592 F2d 39 Lee v. Joseph E Seagram & Sons Inc

592 F.2d 39

Howard S. LEE, Eric Lee and Lester Lee, Plaintiffs-Appellees,
JOSEPH E. SEAGRAM & SONS, INC., Defendant-Appellant.

No. 183, Docket 78-7331.

United States Court of Appeals,
Second Circuit.

Argued Oct. 26, 1978.
Decided Jan. 3, 1979.

Allan L. Gropper, New York City (White & Case, New York City, Robert W. Mannix, New York City, of counsel), for defendant-appellant.

Robert W. Biggar, New York City (Malcolm A. Hoffmann, New York City, of counsel), for plaintiffs-appellees.

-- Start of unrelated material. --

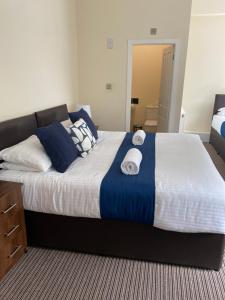 a bedroom with a large bed with towels on it at The New Brighton Hotel in New Brighton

Before FRIENDLY, MULLIGAN and GURFEIN, Circuit Judges.

MULLIGAN, Circuit Judge:

view counter

Harold Lee and his two sons (the Lees) obtained a jury verdict of $407,850 in a diversity action in the United States District Court for the Southern District of New York against Joseph E. Seagram & Sons, Inc. (Seagram). The verdict represented damages for breach of contract and was entered on June 30, 1975. The district court, Hon. Charles H. Tenney, Judge, denied Seagram's motion for judgment notwithstanding the verdict, Lee v. Joseph Seagram & Sons, Inc., 413 F.Supp. 693 (S.D.N.Y.1976) and this court affirmed, 552 F.2d 447 (1977). Shortly thereafter, on May 2, 1977, the judgment and all accrued post-judgment interest was paid in full by Seagram. On May 27, 1977, almost two years after the judgment had been entered, the Lees moved in the district court for an order pursuant to Rule 60(a) of the Federal Rules of Civil Procedure to amend and correct the judgment by adding prejudgment interest. In a Memorandum and Order dated May 12, 1978, Judge Tenney granted the Lees' motion and amended the initial judgment Nunc pro tunc by including an additional $88,235 for pre-judgment interest, plus more than $15,000 in post-judgment interest on interest, i. e., interest on $88,235 from June 30, 1975 to date. This appeal followed.


The central issue on this appeal is whether the district court properly permitted the judgment for damages to be amended and corrected to provide for pre-judgment interest under Rule 60(a) of the Federal Rules of Civil Procedure.1 We hold that Rule 60(a) is not available to the Lees here except as to the very small proportion of pre-judgment interest which accrued between the date the verdict was rendered and the date judgment was entered.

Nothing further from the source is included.